Sur les pointes
Que serait la vie de Dominique sans passions, « une vie fade d'un ennui mortel », selon son expression. Elles sont nombreuses. La principale, l'essentielle, la danse classique et les ballets.
Dominique est professeur d'espagnol. Elle a une formation littéraire, aime particulièrement les langues latines et slaves, la musique classique ou sud-américaine, la peinture, le théâtre, en fait l'art en général et les voyages, surtout en Afrique. Mais rien ne peut égaler sa passion pour la danse classique et les ballets depuis plus de 50 ans. Elle dit en riant avoir accumulé tout ce qui se rapporte à cet art. Elle possède tous les DVD de ballets. Elle en connaît les chorégraphies, les partitions par cœur.
Roméo et Juliette (D.R.)
Pourquoi une telle passion ?
Elle pense que celle-ci est liée à celle de la musique. Elle raconte qu'à l'âge de 5 ans, elle s'aperçoit que La flûte enchantée de Mozart allait être représentée à la télévision. Elle demande avec insistance à la voir. Sa mère croyant qu'elle confond avec Le manège enchanté a essayé de l'en dissuader, en vain. La petite regarde émerveillée l'opéra entier devant sa mère dubitative.
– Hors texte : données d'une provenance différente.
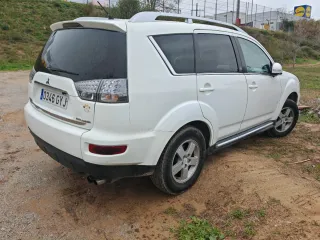Mitsubishi Outlander 2010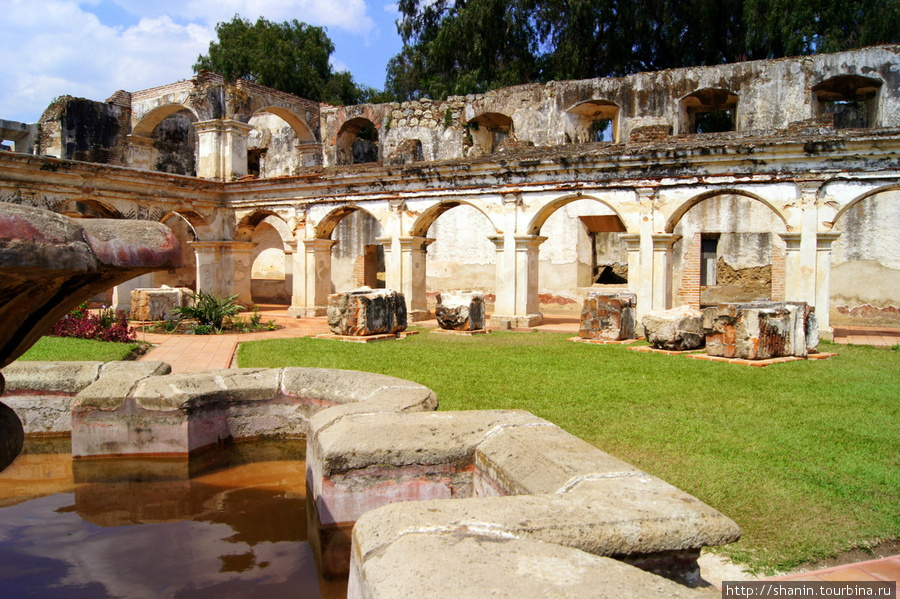 В монастыре Святой Клары в Антигуа Антигуа, Гватемала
À l'adolescence, elle n'a qu'une envie, étudier la danse. Elle s'initie à Bordeaux avec Maria Santestevan, de la troupe du Marquis de Cuevas et danse dans Les Sylphides, ballet de Michel Fokine. Elle dit : « J'ai été à bonne école, avec une maîtresse de ballet rigoureuse, exigeante, perfectionniste au point de corriger les positions du corps au millimètre près. » Elle lui a tout appris, le sens du beau, de l'effort et de l'accomplissement.
Évidemment, le dimanche après-midi, son plus grand plaisir, était d'accéder à son « paradis troisième rang » au Grand Théâtre pour assister aux ballets à l'affiche, au premier rang parfois quand elle avait un peu plus d'argent de poche. « Quel vertige » dit-elle lorsque le rideau s'ouvre et que le spectacle commence « transportant tout le public très loin du monde réel ».
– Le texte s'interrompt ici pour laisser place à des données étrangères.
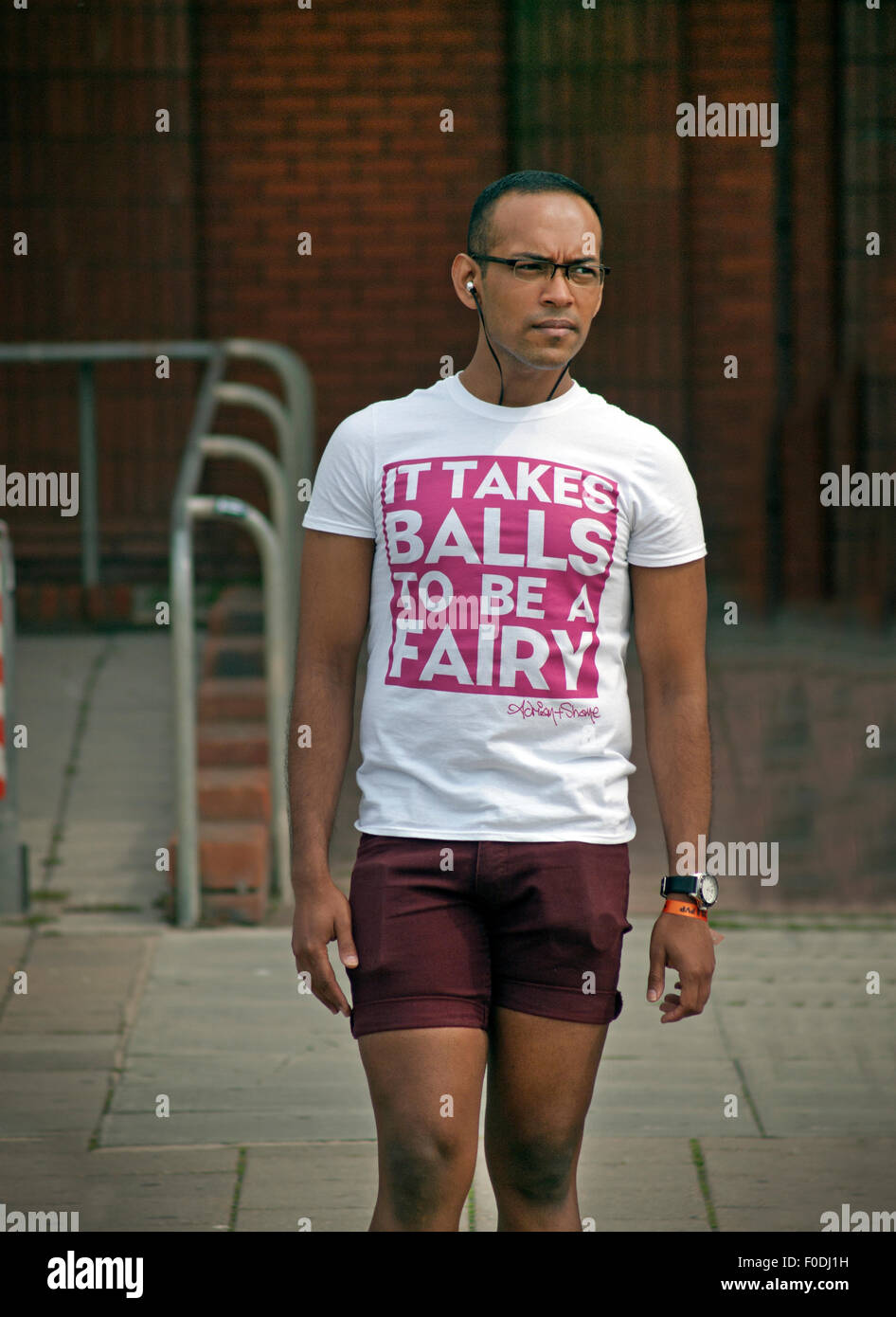 Brighton un homme porte un tee shirt avec un message Banque D'Images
Ce qu’elle apprécie par-dessus tout ? La pureté et la perfection de la technique de la danse classique, la création ou recréation d'un monde qui fonctionne exclusivement avec ses lois internes. Et cette impression de légèreté qui vient de l'utilisation des chaussons de danse nommés « pointes », utilisés pour la première fois en 1801. Elles permettent à la danseuse de se tenir sur la pointe des pieds. Elle est fascinée par cette technique qui met en scène « une volonté d'élévation constante » associée à la notion d'équilibre.
Ses préférences
En fait, elle reste avant tout attachée à l'idéal romantique avec le règne de la danseuse, héroïne pâle et éthérée, incarnant la nostalgie et le spleen. « La danse devient aérienne, défie les lois de la
pesanteur. » Ses ballets préférés, le romantique qui apparaît avec La Sylphide en 1832, tous ceux de Tchaïkovski, les ballets du XXe siècle de Stravinsky, Prokofiev, les ballets russes fondés par Diaghilev dits « classiques » en 1910 et tant d'autres comme Daphnis et Chloé de Maurice Ravel.
Dominique rappelle que le ballet représente la convergence de plusieurs arts, la musique, la danse, la chorégraphie, la création de décors et de costumes, la mise en scène, les éclairages. Elle pense en particulier aux décors de Picasso chez qui « tout est une fête virtuelle, un défi, une source d'inspiration ». Ses danseurs favoris ? « Natalia Bessmertnova, Rudolf Noureev, George Balanchine, Mikhaïl Barychnikov et Svetalna Zakharova. » Oui, elle aime particulièrement les danseurs russes, surtout Noureev dont elle admire l'esprit rebelle et ceux du Ballet national de Cuba, dont Alicia Alonso, danseuse aveugle. Ses théâtres préférés sont d'abord le Bolchoï puis l'Opéra Garnier de Paris.
Ses meilleurs moments ? « La première représentation de L'oiseau de Feu avec 30 minutes d'applaudissements, Nijinski exécutant l'entrechat 10, Noureev demandant l'asile politique puis, assistant au terme de sa vie, dans les coulisses, à la représentation de La Bayadère. »
Est-elle trop puriste ? Oui, elle aime moins les ballets modernes ou contemporains et s'il n'y a pas de pointes, elle renonce à regarder. Avec humour, elle concède « je sais ce que je perds ».